As a twice-divorced woman, Francis Marion arrived in Los Angeles and became one of Hollywood’s most influential writers between the 1915 and the 1930’s. When movies were still known as flickers, Francis was the scenarist that developed a guide for directors and actors of the silent era to follow.

Mary Pickford was the ‘girl with the curls’, Americas Sweetheart that glowed on film and had throngs of adoring fans. Her admiring public did not want her to grow up. Remembering her beginnings, she felt that she owed to her fans what they wanted even if it was in conflict with the woman she was becoming. Little did she know that once her curls were gone so was her career and her husband.

When Francis and Mary met, no one could have imagined what they would, as a team, both build and destroy. Francis became Mary’s only screenwriter. Francis created Mary’s most memorable characters and as the silent era faded and the talkies took over – only one would make the successful leap.

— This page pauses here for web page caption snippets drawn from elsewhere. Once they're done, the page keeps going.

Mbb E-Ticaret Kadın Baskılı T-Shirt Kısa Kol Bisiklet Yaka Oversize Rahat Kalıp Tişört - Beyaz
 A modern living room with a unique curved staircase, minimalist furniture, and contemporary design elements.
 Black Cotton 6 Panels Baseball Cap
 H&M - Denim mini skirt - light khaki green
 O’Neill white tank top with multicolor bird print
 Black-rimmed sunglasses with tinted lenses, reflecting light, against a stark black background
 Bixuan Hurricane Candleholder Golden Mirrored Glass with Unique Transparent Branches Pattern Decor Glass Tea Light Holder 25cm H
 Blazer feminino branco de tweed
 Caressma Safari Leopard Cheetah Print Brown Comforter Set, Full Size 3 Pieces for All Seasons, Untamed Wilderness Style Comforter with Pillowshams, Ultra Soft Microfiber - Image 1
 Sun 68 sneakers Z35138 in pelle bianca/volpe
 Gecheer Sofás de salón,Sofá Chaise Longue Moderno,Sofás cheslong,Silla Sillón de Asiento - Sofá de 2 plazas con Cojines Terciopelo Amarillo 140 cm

The beginning and end of this book were mesmerizing. The middle had angered me. Two strong women became simpering fools over the men in their lives. So, I am going to skip over that and concentrate on the strength that this team shared until it became unbearable for both. Their story unfolds in alternating chapters and Pickford’s part definitely lacks in both the storytelling and atmosphere. It is obvious from the start that this is Francis’s story and though Pickford is central, she lacks the glow that her movie persona held.

By the end, Francis has to confront one serious question. Is she responsible for the wreck of the person that Mary had become? With only the two of them left to face regret and loss, they must come to terms with whom they were and who they are now. Were they truly friends or were they co-dependent? Each only taking what the other could offer. Did Francis condemn Pickford to always be a little girl on the screen due to the very first screenplay that she had written for her? Or was it Francis’s sole intention to give Mary an on screen childhood that that she was denied?

Admitting that she took artistic license, Melanie Benjamin did not write a biography, it is a fictionalized tale of two influential women that were innovators and artists in Hollywood’s Golden Age. A story that exposes the Golden Age and lays bare the inner workings both in front of and behind the screen.